Link to Hazardous Site Inventory: http://epd.georgia.gov/sites/epd.georgia.gov/files/2017HSI/10145.pdf
My professor introduced me to someone in the Stats Department who was more knowledgeable in SAS. He was able to draw out a quick sketch of what the table should probably look like. Then he further went on to say that SAS would be the perfect program to crank out this kind of table and using proc freq is the way to go. He said that SAS has the ability to create both of these tables in the sketch. I'm just confused on what the code should be for both of them. I know proc.freq is used for the second one but I think it would need some tweaking that I'm not familiar with. For the code to make the first table to include all the variables, I have no clue on what the code would be.
Edit: Thought it would be more clear to see, but Pol = Pollutant. S and W means Soil and Water (Groundwater), respectively. For S and W, he used 0 and 1 to indicate whether the pollutant was found in soil or groundwater, just to be clear. Kinda like how 0 and 1 is used to indicate Gender.
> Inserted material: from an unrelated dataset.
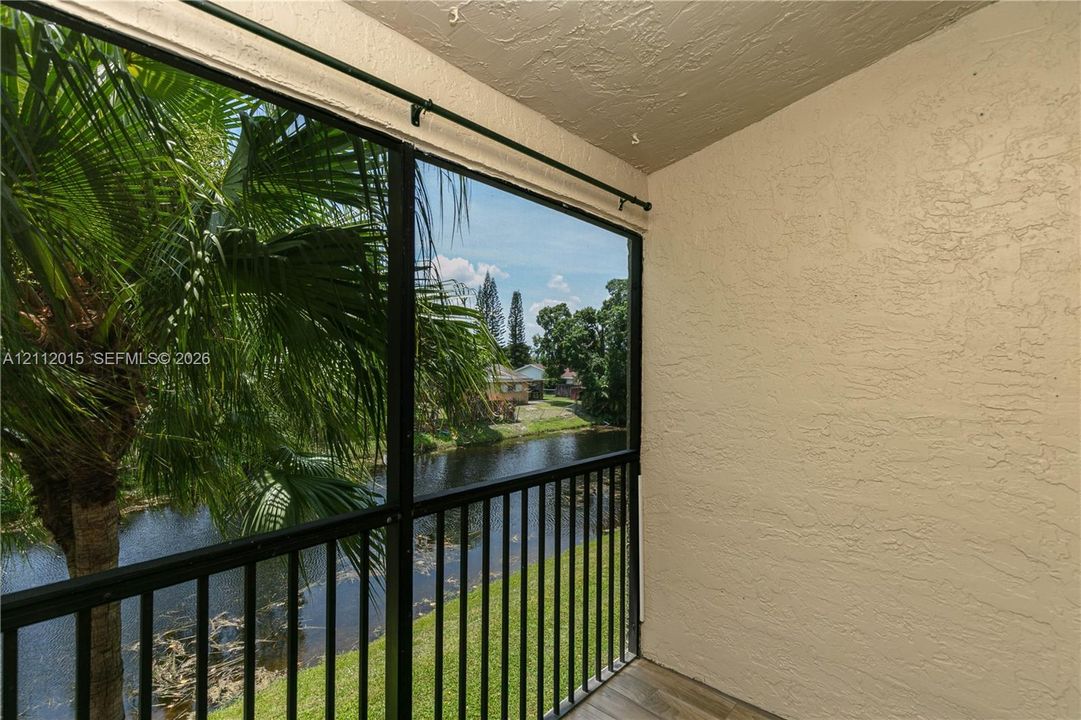 Screened-in balcony featuring black metal railings, textured stucco walls, and tile flooring
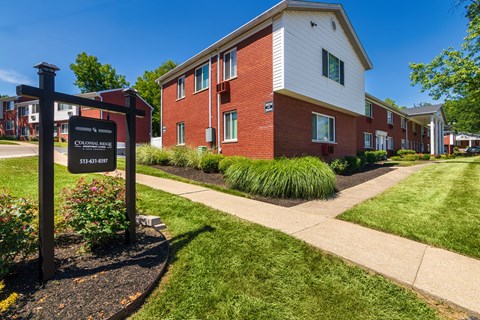 Colonial Ridge Apartments sign with brick apartment homes and landscaped lawn in Pleasant Ridge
So I'm assuming I'll have to make an excel spreadsheet containing the sites, counties, pollutants, and then upload this into the SAS library to create the tables, correct?
Sorry if this sounds all over the place. I'm just really confused on how to get started on this. Any help would be REALLY appreciated.
03-31-2018 10:03 PM
Seems like you have been advised to do a 4-way table with Proc freq.
This The FREQ Procedure will be useful to you.
You can use import wizards from the File menu in SAS if you are not confident to write code depending on how your input data file is like (.xls or .csv or .txt or stata or spss or other formats) to read your data into SAS. However, csv is preferred because it will generate the code for you which you can reuse after loading the data into SAS.
04-01-2018 12:15 AM
Sounds like your top table could be compiled with something like this:
proc sql; create table polCounts as select County, Site, Pollutant, sum(matrix="Soil") as nbSoil, sum(matrix="Groundwater") as nbWater from myData group by County, Site, Pollutant; quit;
where myTable would be your input data table with columns County, Site, Pollutant, and Matrix ("Soil" or "Groundwater")
replace sum(matrix="Soil") as nbSoil with sum(matrix="Soil") > 0 as nbSoil if you only want zeros and ones.